Give the number of lines in the records below that include "Foto", and nothing more.

___ DATASET EXCERPTS

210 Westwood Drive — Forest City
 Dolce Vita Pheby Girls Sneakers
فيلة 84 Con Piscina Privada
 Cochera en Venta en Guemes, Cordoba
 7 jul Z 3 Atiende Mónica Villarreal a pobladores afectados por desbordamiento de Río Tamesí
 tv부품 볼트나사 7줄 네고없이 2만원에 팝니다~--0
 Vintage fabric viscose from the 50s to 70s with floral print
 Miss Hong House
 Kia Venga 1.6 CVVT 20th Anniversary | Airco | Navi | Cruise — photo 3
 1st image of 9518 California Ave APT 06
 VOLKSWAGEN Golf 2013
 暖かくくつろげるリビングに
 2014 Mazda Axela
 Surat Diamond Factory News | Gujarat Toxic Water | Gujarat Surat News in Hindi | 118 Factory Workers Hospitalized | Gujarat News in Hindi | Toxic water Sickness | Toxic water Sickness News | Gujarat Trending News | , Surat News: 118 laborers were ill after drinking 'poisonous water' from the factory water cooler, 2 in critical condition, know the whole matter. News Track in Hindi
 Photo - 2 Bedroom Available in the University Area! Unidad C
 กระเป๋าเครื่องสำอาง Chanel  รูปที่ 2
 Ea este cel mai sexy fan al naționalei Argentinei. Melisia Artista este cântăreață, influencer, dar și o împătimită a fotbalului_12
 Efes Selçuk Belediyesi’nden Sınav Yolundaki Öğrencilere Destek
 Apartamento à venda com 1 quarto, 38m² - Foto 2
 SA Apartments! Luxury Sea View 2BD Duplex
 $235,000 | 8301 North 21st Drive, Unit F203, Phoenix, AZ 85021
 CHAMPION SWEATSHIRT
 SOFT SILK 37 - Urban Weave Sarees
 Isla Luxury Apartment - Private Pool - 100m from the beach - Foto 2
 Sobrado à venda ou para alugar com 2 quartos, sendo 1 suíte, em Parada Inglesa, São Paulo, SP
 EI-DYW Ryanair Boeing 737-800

______

* TASK ANSWER *
2